Table 3.

Safety summary through weeks 12 and 24

	Weeks 0–12 Baricitinib					Weeks 12–24 Baricitinib		Weeks 0–24 Baricitinib
	Placebo once daily (N=98)	1 mg once daily (N=49)	2 mg once daily (N=52)	4 mg once daily (N=52)	8 mg once daily (N=50)	Combined 2 mg twice daily*† (N=61)	Combined 4 mg once daily*† (N=61)	2 mg once daily (N=52)	4 mg once daily (N=52)	8 mg once daily (N=50)
TEAE, n (%)	45 (46)	20 (41)	24 (46)	22 (42)	26 (52)	29 (48)	27 (44)	31 (60)	32 (62)	36 (72)
SAE, n (%)	3 (3)	0	3 (6)	0	1 (2)	3 (5)‡	1 (2)‡	3 (6)	0	4 (8)
Serious infection, n (%)	0	0	2 (4)	0	0	0	0	2 (4)	0	1 (2)
Discontinuations due to AEs, n (%)	5 (5)	1 (2)	1 (2)	1 (2)	1 (2)	1 (2)	0	1 (2)	2 (4)	1 (2)

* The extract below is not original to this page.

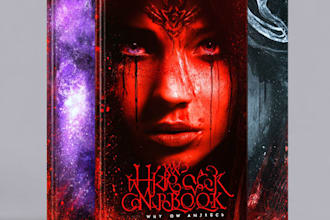 design a bestseller nonfiction book cover design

*Patients originally assigned to placebo or baricitinib 1 mg once daily at study entry and re-randomised to receive baricitinib 2 mg twice daily or 4 mg once daily for an additional 12 weeks.

†Data for baricitinib combined 2 mg twice daily or combined 4 mg once daily are reported for weeks 12–24.

‡One SAE in each of the baricitinib combined 2 mg twice daily (hyperglycaemia) or combined 4 mg once daily (haematuria) groups began prior to week 12 and continued into weeks 12–24.

AE, adverse event; N, number of patients randomised and treated; n, number of patients with event; SAE, serious adverse event; TEAE, treatment-emergent adverse event.